SSD: Single Shot MultiBox Detector

This paper (SSD: Single Shot MultiBox Detector) presents an object detection method using a single deep neural network. The model, SSD takes one single shot to detect multiple objects within the image. The model discretizes the output space of bounding boxes into a set of default boxes over different aspect ratios and scales per feature map location. During prediction the network generates scores for each object category present in each default box. The network combines predictions from multiple feature maps with different resolutions, which helps it to conveniently handle objects of various sizes. SSD eliminates object proposal generation and subsequent pixel or feature resampling stages and covers all computation in a single network. This makes SSD easy to train and simple to integrate into systems that requires detection component. Experimental results on different datasets confirm that SSD has competitive accuracy to methods which make use of object proposal step. Compared to other single stage methods, SSD is faster, has much better accuracy, and provides a unified framework for both training and inference.

Concepts:

Object Detection: Object detection is a computer technology related to computer vision and image processing that deals with detecting instances of semantic objects of a certain class (such as humans, buildings, or cars) in digital images and videos.
Single Shot Detection: Single-shot models encapsulate both localization and detection tasks in a single forward sweep of the network, resulting in significantly faster detections while deployable on lighter hardware.
Multiscale Feature Maps: In object detection, feature maps from intermediate convolutional layers can be directly useful because they represent the original image at different scales. Therefore, a fixed-size filter operating on different feature maps will be able to detect objects of various sizes.
Priors: These are pre-computed boxes defined at specific positions on specific feature maps, with specific aspect ratios and scales.
Multibox: This is a technique that formulates predicting an object’s bounding box as a regression problem, wherein a detected object’s coordinates are regressed to its ground truth’s coordinates. In addition, for each predicted box, scores are generated for various object types.
Hard Negative Mining: This refers to explicitly choosing the most egregious false positives predicted by a model and forcing it to learn from these examples.
Non-Maximum Suppression (NMS): NMS is a means to remove redundant predictions by suppressing all but the one with the maximum score.

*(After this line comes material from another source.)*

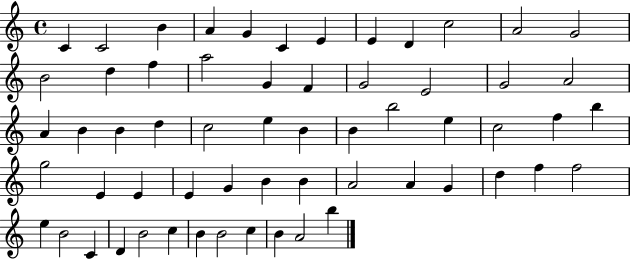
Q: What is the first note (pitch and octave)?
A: C4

Fig. 1 SSD real time Implementation.

Fig. 2 SSD Network Architecture.

The SSD is a purely convolutional neural network (CNN) that is organized into three parts –

Base convolutions: derived from an existing image classification architecture (VGG 16) that will provide lower-level feature maps.
Auxiliary convolutions: added on top of the base network that will provide higher-level feature maps.
Prediction convolutions: to locate and identify objects in these feature maps.

The paper demonstrates two variants of the model called the SSD300 and the SSD512. The suffixes represent the size of the input image. Although the two networks differ slightly in the way they are constructed, they are in principle the same. The SSD512 is just a larger network and results in marginally better performance.

Fig.3 VGG 16 Network Architecture.

1. Results Summary of the SSD Research Paper:

Experiments in the paper are all based on VGG16, which is pre-trained on the ILSVRC CLS-LOC dataset.
In Base VGG16 network, fc6 and fc7 are converted to convolutional layers using subsampling of parameters, and changing pool 5 from 2 × 2 − s 2 to 3 × 3 − s 1, and used the `a trous algorithm to fill the ”holes”.
All the dropout layers and the fc8 layer removed.
Resulting model is fine-tuned using SGD with initial learning rate 10−3, 0.9 momentum, 0.0005 weight decay, and batch size 32.

A. PASCAL VOC2007 Dataset Test Results:

SSD network is tested on PASCAL VOC 2007 daataset (4952 images). These results are comparaed against two object detection algorithms i.e. Fast R-CNN and Faster R-CNN.
This dataset contains images with twenty different types of objects {‘aeroplane’, ‘bicycle’, ‘bird’, ‘boat’, ‘bottle’, ‘bus’, ‘car’, ‘cat’, ‘chair’, ‘cow’, ‘diningtable’, ‘dog’, ‘horse’, ‘motorbike’, ‘person’, ‘pottedplant’, ‘sheep’, ‘sofa’, ‘train’, ‘tvmonitor’}

SSD model with input image size 300x300 (SSD300) is more accurate than Fast R-CNN.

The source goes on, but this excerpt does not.